However, my concern remains that the research question is not really addressed.

The question of inductive and architectural bias is a motivation of our work, but is not the research question. We have further made this clear in the introduction. The research question and focus of the work is the derivation of the first (to the best of our knowledge) sharp analysis of a generative flow learnt from limited data. We nevertheless address the reviewer's concerns in detail below.

What does this tell me about the learned distribution at each of the mixtures?

The learnt distribution is a bimodal balanced Gaussian mixture centered around ±μ^\pm\hat{\mu} (characterized in Result 3.1), and with variance

σ^2=e201dt(β˙(t)c^(t)+α˙(t)α(t)(1c^(t)β(t))) \hat{\sigma}^2=e^{2 \int_0^1 dt( \dot{\beta}(t) \hat{c}(t)+\frac{\dot{\alpha}(t)}{\alpha(t)}(1-\hat{c}(t) \beta(t))) }

This is also true in span(ξ,μemp.)\mathrm{span}(\xi,\mu_{emp.}). We have explicited all the details in a new Appendix F, see eq. (118).

In my view, this metric is a strong metric of convergence such as KL divergence or total variation, and the authors are able to show convergence as 1/n1/n if this is indeed the dominant scaling behavior.

We provide in Appendix F a derivation of a closed-form expression for the Wasserstein distance between the target and generated densities. We employ the mixture Wasserstein distance proposed in [a], which constitutes a natural generalization of the standard Wasserstein distance for Gaussian mixture distributions and further presents the advantage of being analytically tractable. In this metric, we show that the distance between the generated and target density decays as Θn(1/n)\Theta_n(1/n).
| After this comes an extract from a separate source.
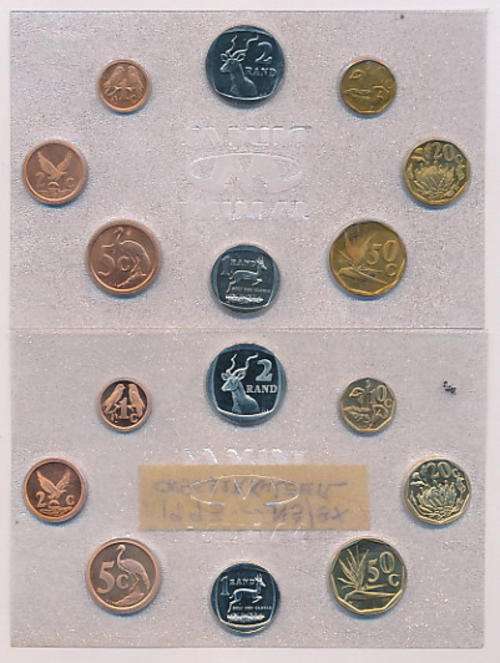 Lot of 2 South Africa mint packs - 1991 & 1993 - as per scan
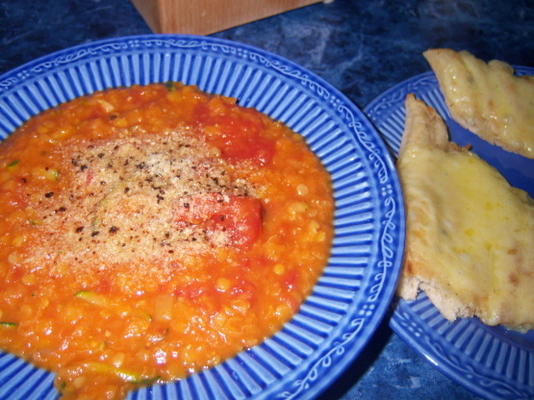 soupe aux lentilles rouges et aux tomates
We included pointers to this result in the main text.

[a] Delon and Desolneux, A Wasserstein-type distance in the space of Gaussian Mixture Models, SIAM 2020

The authors say that the DAE with skip connections is superior over the DAE without skip connections. However, Appendix D shows the same scaling behavior with is observed in the metric of Corollary 3.3. Even the other end of the spectrum, a fully flexible function memorizing the training data, has this convergence behavior.

As we show in Appendix F, for a DAE without skip connection, the generated density is bounded away from the target density in Wasserstein distance, with the latter remaining Θn(1)\Theta_n(1) (i.e. it does not improve with the number of samples). Similarly, a fully flexible function memorizing the data also leads to a Θn(1)\Theta_n(1) Wasserstein distance, and therefore fails to sample from the target distribution. We have further included an Appendix G where we make analytically explicit in a closely related setup how a neural network with infinite expressivity memorizes the training data.

评论

I thank the authors for the additional information that provides additional insight.

The additional and explicit characterization of the learned density is quite insightful, as it explicitly describes what the distribution is. I think that this discussion is very useful: For a paper targeting a sharp analysis of the learned distribution, I would expect an easily interpretable functional form, which seems easy to derive according to the authors.

However, I am not convinced about their derivation: To obtain the shape of the learned mixture components, the authors derive the first order correction term of a sample from x_0=0 if I understand correctly. Thus, the derivation only computes the second moment of a mixture component. This does not show that the learned density is actually Gaussian. It is encouraging to see that the standard deviations seem to converge to the correct value.

In this light, I am surprised to see that the DAE without skip connections learns a δ\delta distribution. What happens if you apply the same argument as for the DAE with skip connections, i.e. what standard deviation is learned?

Regarding the provided mixture Wasserstein distance, it does not seem to be a generalization of the Wasserstein distance, but rather a related concept ("Wasserstein-type distance" as per the referenced paper). In particular, it only applies to Gaussian mixtures. In light of the above argument, it seems that the learned density does not obtain Gaussian shape and therefore the mixture Wasserstein distance does not apply.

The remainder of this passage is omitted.